Another easy way to sharpen your points is using a tool like a state of the art Motorised Dart Sharpener.
Tip: Quickly check the tips of your darts each time you play. Hooked points will shred your dartboard when you take them out.
Restore the grip, stop the slip
The moisture, salt (from sweat) and oil on your hands can corrode your dart barrels over time, and make them slippery. Cleaning your darts will also give you better grip by removing the slippery feeling and the grimy particles filling-in the hollows. To make your darts go the distance, clean them regularly. Do this by using any mild cleaner that can remove oil: alcohol based moist towelettes (wipes) are great – avoid any with hand lotion. If your barrel has a painted coating, it may be best to stick to the towelette method of cleaning.
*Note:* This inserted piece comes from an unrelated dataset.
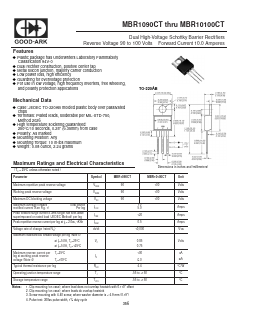 MBR10100CT Datasheet PDF GOOD-ARK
Another way to clean your darts is to get a bowl big enough to completely immerse the barrels you want to clean. Fill the bowl with warm water and add a small squirt of liquid detergent, then put the barrels in and leave them for a couple of hours (no longer than six). Using an old, soft toothbrush (preferably not the one your flatmate is currently using) can help to get into the knurls and clean out the particles that are filling in the hollows and patterns. But think ‘buff’ rather than ‘scour’ as you also want to keep the barrel’s protective coating intact.
Rinse the barrels in clean water and let them dry completely.